# The Ghost Crossing 2011



## GothicCandle (Mar 26, 2007)




----------



## RoxyBlue (Oct 6, 2008)

The moving foot cracks me up


----------



## PrettyGhoul (Oct 7, 2005)

LOL yes I liked the foot too. Everything looks awesome GC!!!


----------



## nixie (Sep 17, 2008)

I love the witch table, the candles are awesome! It all looks terrific!


----------



## corey872 (Jan 10, 2010)

I think my favorite is the blood/candle/fountain thing!


----------



## MansionHaunter (Sep 20, 2006)

There's so much to see, so many points of interest. People could spend a long time lingering there to take it all in. Sounds like everyone had a great time!


----------



## Dark Angel 27 (Sep 11, 2008)

looks great! i love the blood fountain!


----------



## Zurgh (Dec 21, 2009)

Nice.

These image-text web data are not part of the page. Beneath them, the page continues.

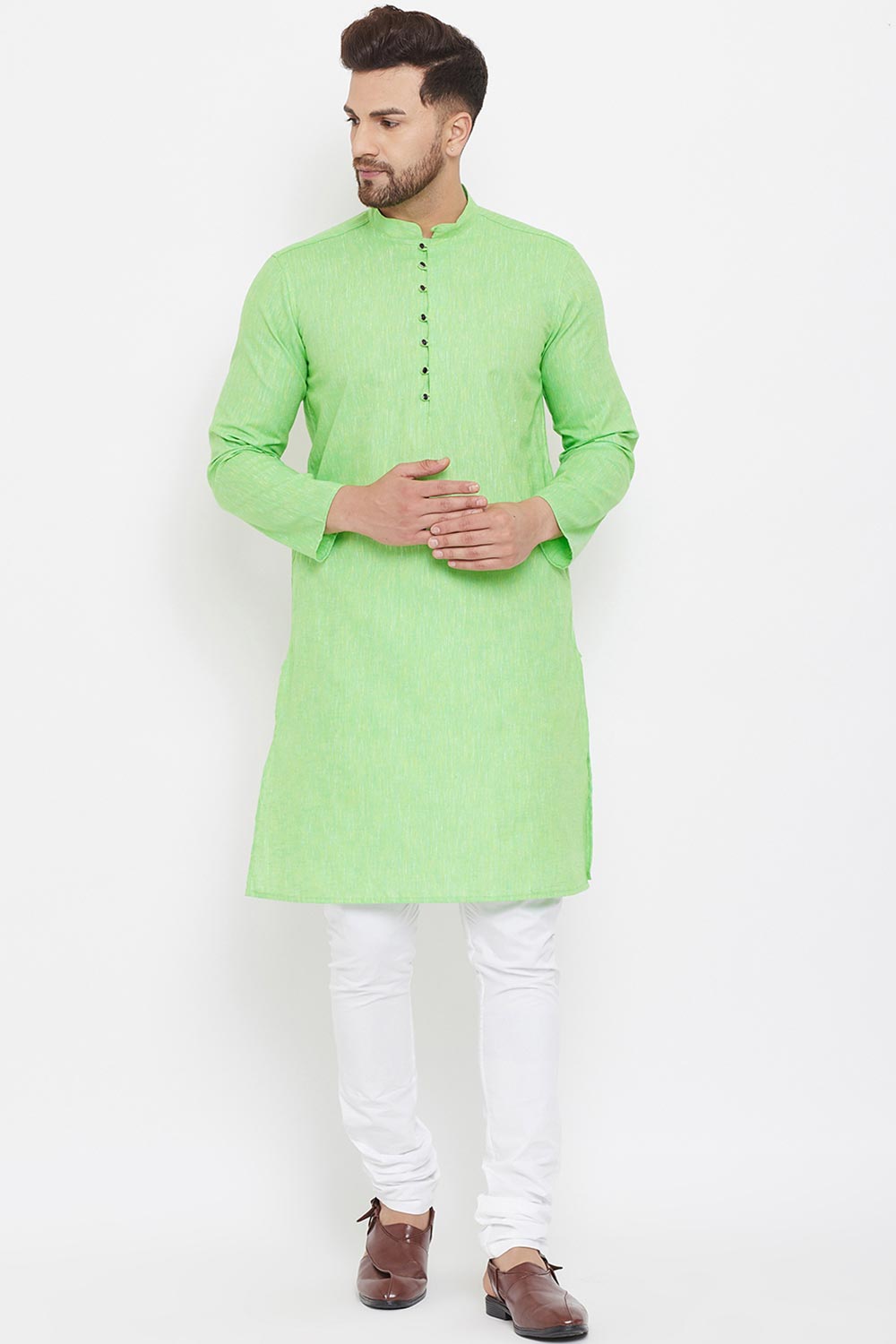 Buy Men's Blended Cotton Solid Kurta in Green Online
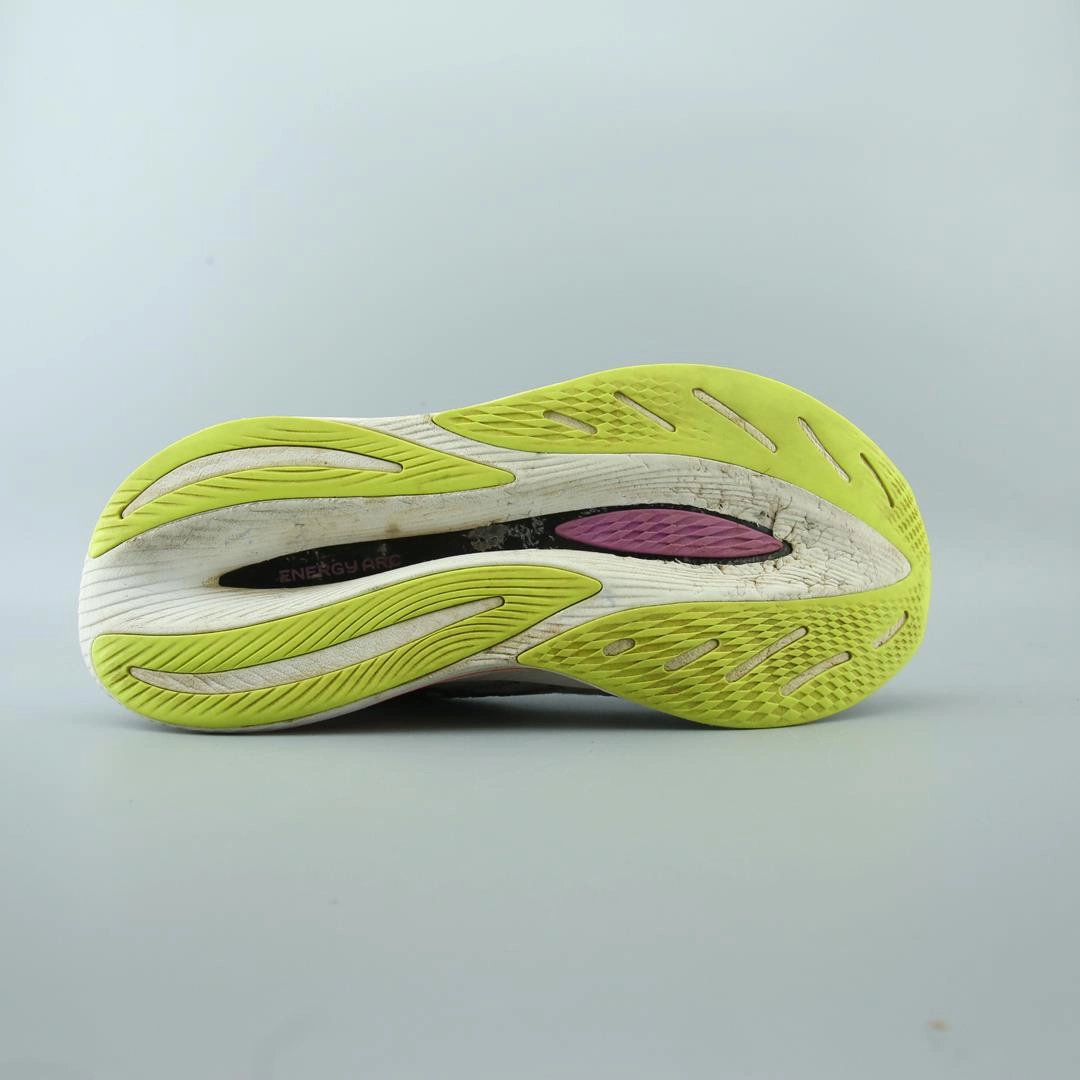 NEW BALANCE FUELCELL SUPERCOMP TRAINER V2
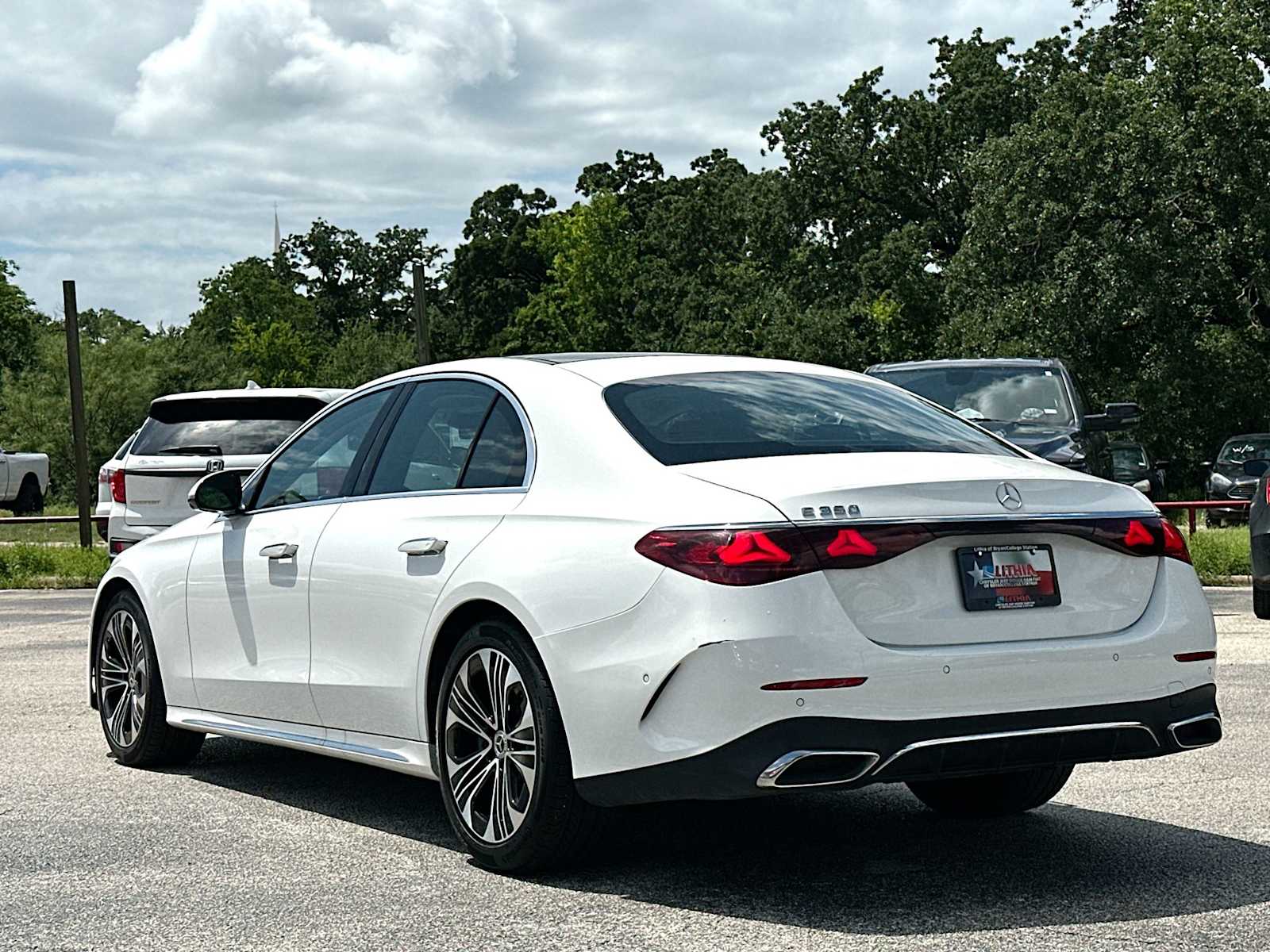 Thumbnail: 2025 Mercedes-Benz E-Class - 12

Lots going on. Good job!


----------



## Dixie (Feb 18, 2009)

Wow that is a lot of detail to pour over and oogle. Great job GC!


----------



## GothicCandle (Mar 26, 2007)

Thanks all (^_^) everyone had such fun. I've been so insanely busy lately, all my props are still not in storage yet!! I haven't quite decided what to do with them all. We got 184 toters on halloween, the last haunt at this location since by next october i'll have moved out of mom's house and she, a non-haunter, is a bit more than a little happy to be rid of all the vampires, witches, skeletons, various spiders and bats, and miscellaneous body parts which will ether move with me or be given to a 17 year old beginer haunter.  i'm always willing to corrupt the local youth after all.


----------



## Joiseygal (Sep 3, 2008)

The moving foot and blood candle are awesome props. Great job GC!


----------



## GothicCandle (Mar 26, 2007)

Sadly the foot's motor over heated and died but lots of toters got to see it before that.  I plan on keeping the foot in my over the door shoe rack all year long


----------



## CreeepyCathy (Mar 28, 2009)

everything looks great!


----------